Mittelstandskonjunktur: Erholung setzt sich im ersten Quartal - sehr muehsam - fort
Frankfurt/Main (ots) -
Die im Herbst 2003 begonnene konjunkturelle Erholung im
Mittelstand setzte sich zu Jahresbeginn fort - allerdings unter
großen Mühen, denn die Aufwärtsbewegung verlor erkennbar an Dynamik.
Dies zeigen die aktuellen Ergebnisse des KfW-Indikators
Mittelstandskonjunktur für das 1. Quartal 2004*. Gegenüber dem
Vorquartal stieg der Indexwert lediglich um 0,4 Zähler, nachdem der
entsprechende Zuwachs im Schlussquartal des Vorjahres noch bei 2,8
Punkten gelegen hatte. Zu dem aktuellen Anstieg beigetragen haben
sowohl die neuen als auch die alten Bundesländer.
Der Vergleich der vier Hauptwirtschaftsbereiche zeigt Gewinner und
Verlierer. Auf der Sonnenseite der Konjunktur steht derzeit eindeutig
das Verarbeitende Gewerbe, das mit einem Vorquartalsplus von 3,3
Punkten zugleich den Vorjahrestand (+3,0) sowie, erstmals seit Ende
2001, auch den langfristigen Durchschnitt (+0,9) wieder übertraf.
Dabei dürfte der industrielle Mittelstand - nicht zuletzt wegen
seiner engen Liefer- und Leistungsverflechtungen mit den großen
exportorientierten Unternehmen - von dem globalen Aufschwung
besonders profitiert haben.
Alle anderen Sektorenindizes notieren dagegen weiterhin und zum
Teil deutlich unterhalb ihrer langfristigen Durchschnitte, wenngleich
die Bauwirtschaft mit einem sehr kräftigen Zuwachs gegenüber ihrem
Allzeittief zum Ende des vergangenen Jahres (+12,9) wieder etwas
Boden gutmachten konnte. Im Vorquartalsvergleich Einbußen hinnehmen
musste dagegen der Handel (-3,3), aber auch die Dienstleister (-5,4).

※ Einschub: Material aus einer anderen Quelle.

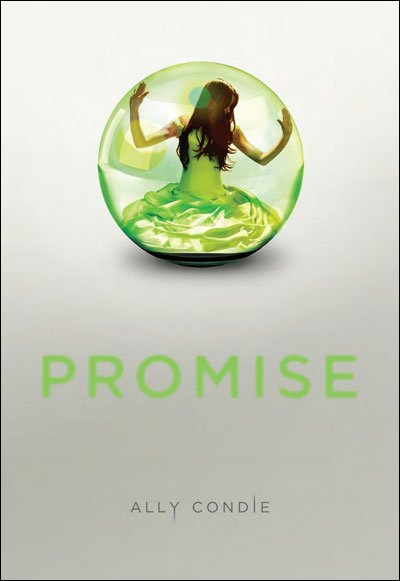 Promise de Ally Condie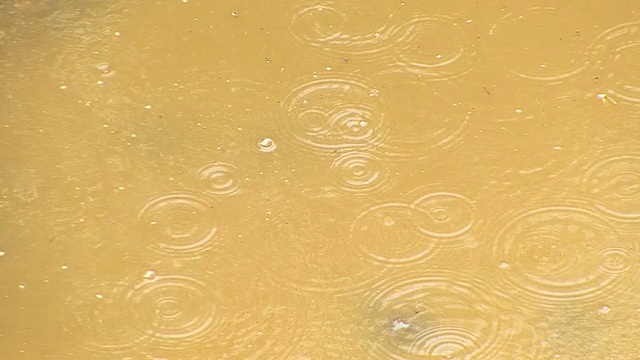 雨下降视频下载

"Die anhaltende Erholung im Mittelstand nach mehreren Jahren der
Schwäche ist, auch wenn sie in ihrer Stärke noch sehr bescheiden
ausfällt, für sich genommen eine gute Nachricht", sagte
KfW-Chefvolkswirt Dr. Norbert Irsch in Frankfurt. Allerdings verbinde
sich mit dem bereits wieder nachlassenden Tempo der Aufwärtsbewegung
sowie der noch immer schmalen sektoralen Basis die deutliche Warnung,
dass die Mittelstandskonjunktur weiterhin sehr fragil ist und bei
unvorhergesehenen Schocks leicht wieder kippen kann. "Umso wichtiger
ist es, die internen Wachstumskräfte durch eine Fortsetzung der mit
der Agenda 2010 begonnenen Strukturreformen zu stärken", so Irsch.

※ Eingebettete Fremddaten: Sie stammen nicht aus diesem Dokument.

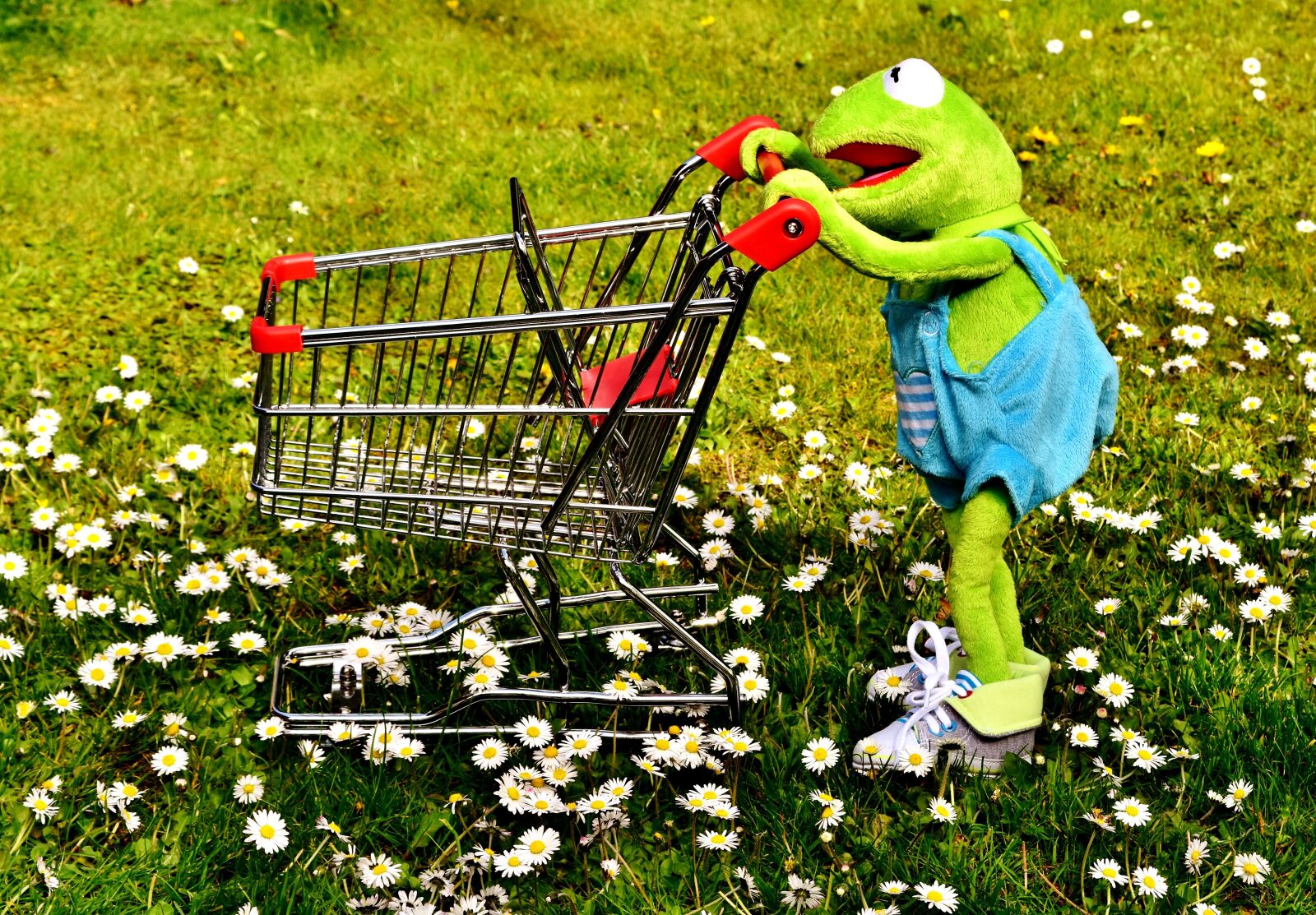 Nikon D7200 sample photo. Kermit, frog, shopping photography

*Dem Indikator liegen die Angaben KfW-geförderter Unternehmen mit
höchstens 500 Beschäftigten und maximal 50 Mio. EUR Jahresumsatz über
ihr zentrales Investitionsmotiv zu Grunde (rund 2.000 Fälle pro
Quartal). Ein zunehmender Anteil von Unternehmen, die
Geschäftsausweitungen planen, wird, ebenso wie ein rückläufiger
Rationalisiereranteil, als positives Konjunktursignal gewertet. Die
Antworten werden mit dem Umsatz der in dem Bezugsquartal geförderten
Investoren gewichtet sowie, unter Zugrundelegung fixer Branchen- und
Regionengewichte, in einen Index [2000=100] überführt. Berechnet wird
der Indikator für drei regionale (Deutschland, West, Ost
einschließlich Berlin) und vier sektorale (Verarbeitendes Gewerbe,
Bau, Handel, Dienstleister) Segmente.